El líder socialista falleció en la cárcel de Carmona, tras la Guerra Civil. Fue el único miembro del Consejo de Defensa de Madrid que permaneció en la ciudad tras la entrada del ejército sublevado. Se le acusó de promover un socialismo moderado y condenado a 30 años. Julio tuvo acceso a las últimas fotos que se le hicieron en el penal de Carmona para realizar la estatua que debía presidir la plaza del pueblo donde estuvo la prisión. Durante meses, su estudio fue ocupado por los dibujos en el que aparece, cansado y enfermo, sentado en una modesta silla de enea, en el patio de la prisión. 

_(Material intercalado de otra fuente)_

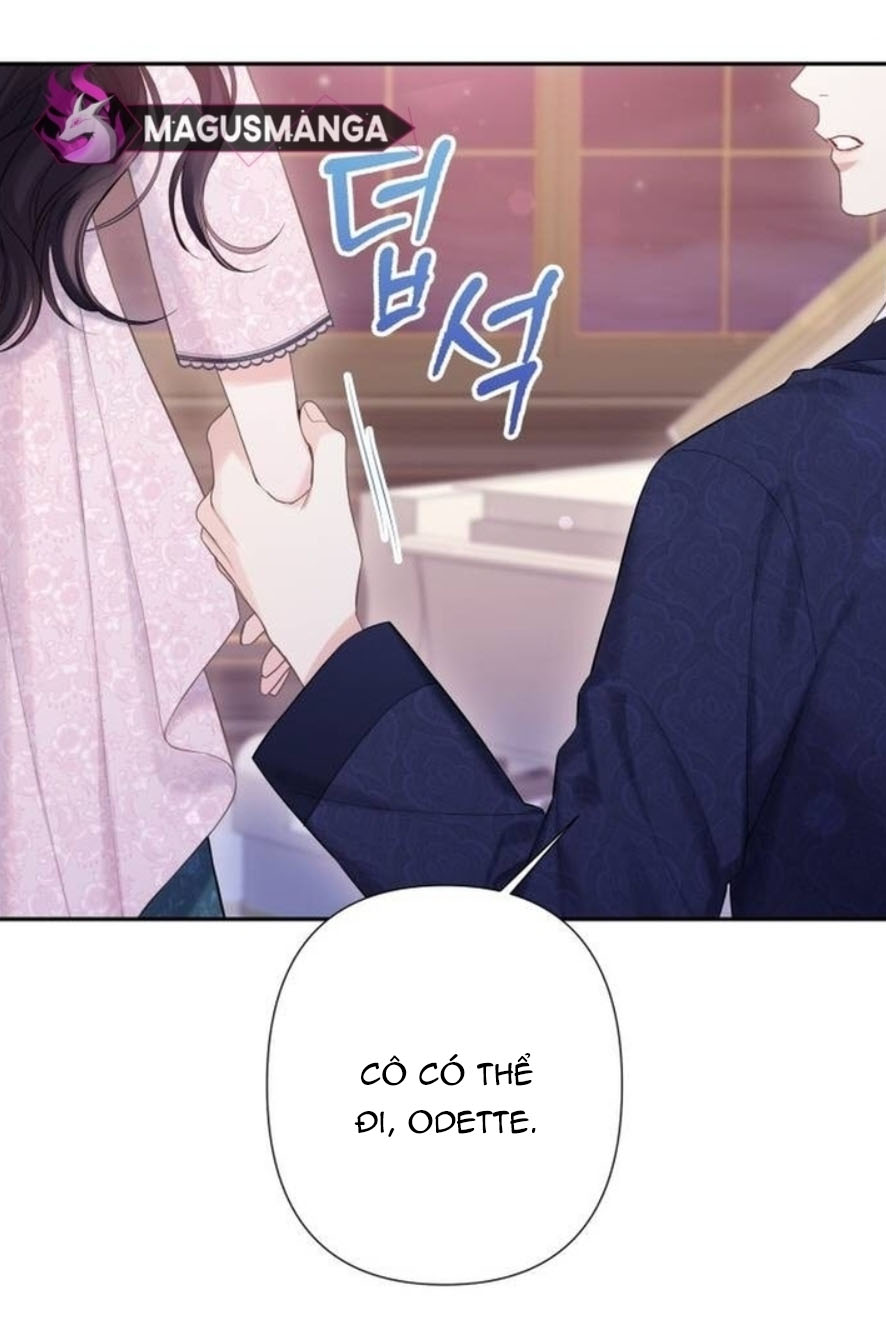 bastian chapter 53.2 32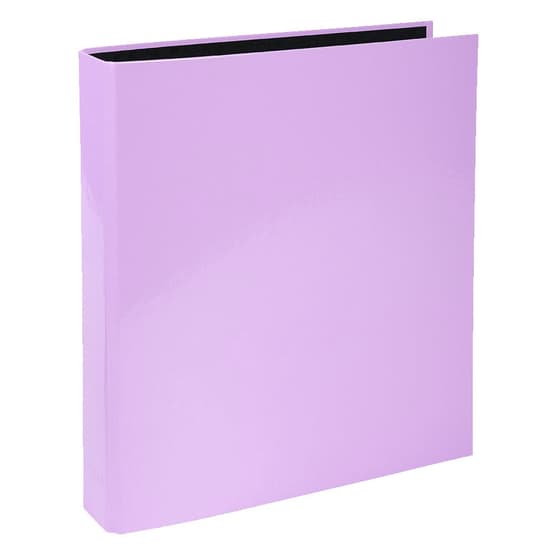 EXA51565E-classeur-a4-exacompta-aquarel-4-anneaux-dos-4cm-mauve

Julián Besteiro se conserva digno en el dolor y la derrota”, le dijo a la periodista. “Yo he querido reflejarlo así porque la victoria de este hombre está en su derrota”. La resignación del perdedor no significa claudicación. Junto a la multitud de dibujos, una maqueta de arcilla que llevaría a tamaño natural. Porque Julio era un escultor a tamaño real, el amargo pasajero de lo cotidiano que ha muerto con la esperanza de ser entendido más adelante. Como él mismo decía: “El arte no es un notario que levanta fe de la realidad, sino un hombre que se pregunta sobre el futuro”.